Однако прозвище пока было лишь «бесплатным бонусом» к покорению первой ступеньки карьерной лестницы, а преодолеть таких ступенек предстояло еще немало. Впрочем, подъем на вторую долго ждать себя не заставил: на состоявшемся в четверг общем собрании «актива потока», где, среди всего прочего, нужно было «избрать» и представителя первого курса уже в комитете комсомола факультета, Иван Малков выступил первым — и последним:
— Я тут это… вот что предложить хотел. Я со многими комсомольцами поговорил, и не только из нашей группы. И я это… вот что сказать-то хочу…
— Ну так говори, если хочешь — не выдержал секретарь комитета комсомола, для которого любое такое собрание было изрядной мукой: он недавно женился и предпочитал проводить время не на заседаниях в университете, а дома с молодой женой.
— Ну так я и говорю. В комитет нужно Старуху выбрать: она из всех одна про настоящую комсомольскую работу думать умеет. А еще умеет заставлять других работу работать, причем… нет, не заставлять насильно, а объяснять так, что все сами понимают, что работать нужно. И в учебе может помочь.
— Ну хорошо, выберем мы эту вашу Старуху. А кто в группе комсоргом будет?
— А пусть она и остается комсоргом. Я, как ее заместитель, взносы соберу, что она скажет сделать — сделаю. Просто она знает, что и когда делать-то надо…
— Мы тебя выслушали. Кто хочет предложить другую кандидатуру или возразить против… надо же фамилию такую носить!
— Это не фамилия, — рассмеялась Вера Андреевна, — это титул.

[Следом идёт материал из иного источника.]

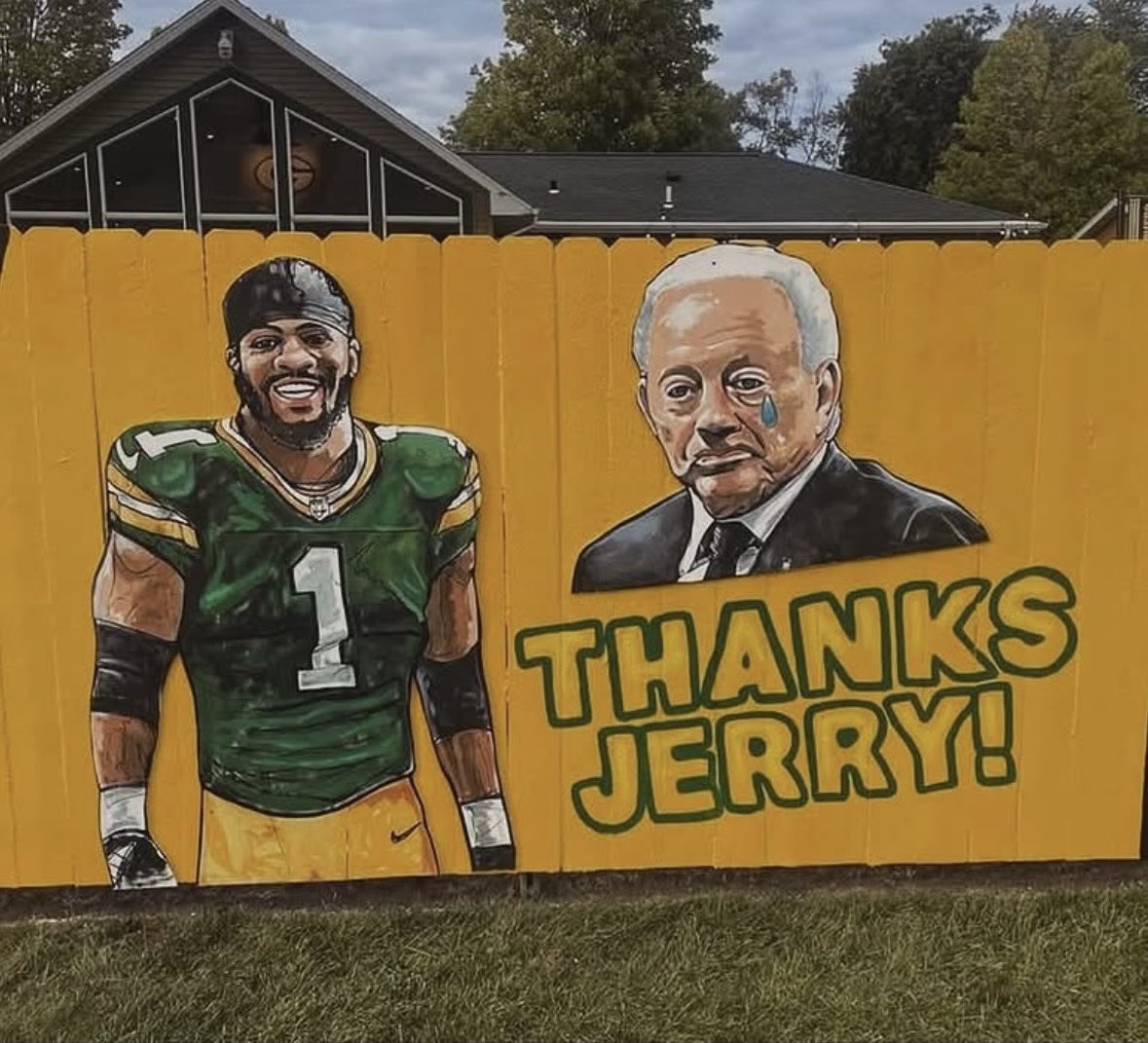 THANK YOU JERRY! #GoPackGo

— Как — титул? — удивился секретарь.
— Вот так. Есть графья разные, бароны и князья. А у меня титул куда как выше будет: старуха. Звучит?
— А… понятно, — секретарь очень внимательно оглядел двенадцатилетнюю (о чем он, конечно, не догадывался) девочку, хмыкнул:
— Раз других предложений нет, предлагаю голосовать за Старуху. Так, вижу что единогласно… А ты, Старуха… извини, а на самом-то дела как тебя зовут?
— Вера Синицкая я.
— Запомню, нам еще вместе работать и работать. Значит так, собрание предлагаю считать закрытым, а ты, Старуха, завтра в пять в партком приходи, там займемся распределением обязанностей среди членов комитета…
Две недели ничего выдающегося не случалось, а вот двадцать третьего сентября Веру Андреевну (точнее, все же Старуху) вызвали в партком. По очень интересному поводу:
— Послушай, Старуха, — начал было секретарь парткома, усадив девочку в кресло, стоящее напротив его стола, — тут вот какой вопрос. Я случайно по коридору проходил когда у вас в группе выборы были, гвалт страшный услышал, остановился, послушал по какому поводу молодые комсомольцы орут. Услышал кое-что непонятное… В общем, мы послали запрос в Дальневосточный обком, а ответ пришел почему-то из Хабаровского ОГПУ. Интересный такой ответ: «комсомолка Синицкая В. А. награждена наградным оружием модели браунинг с номером… неважно… с правом постоянного ношения за уничтожение банды диверсантов». Вот гляжу я на тебя… ты в одиночку что ли банду уничтожила?
Да, подумала Вера Андреевна, у этой Варвары Синицкой жизни было насыщенной… жалко девчонку — но ведь не было возможности ее спасти! Не было… но отвечать-то на прямой вопрос что-то надо.
— Да разве это банда была? Так, бандочка… — Вера Андреевна показала пальцами, раздвинув их на пару сантиметров — и напряжено думая, как из этой ситуации выкрутиться.
— Но ты, такая… маленькая, и одна…
— Хотите послушать высокохудожественное вранье?
— Нет, вранье слушать не хочу.
— Тогда и вопросов не задавайте. Вам ответ пришел из ОГПУ, и они сообщили всё, что вам знать положено. Секретарю парткома знать положено, а всем прочим, кстати, уже не положено. И мне рассказывать об этом не положено.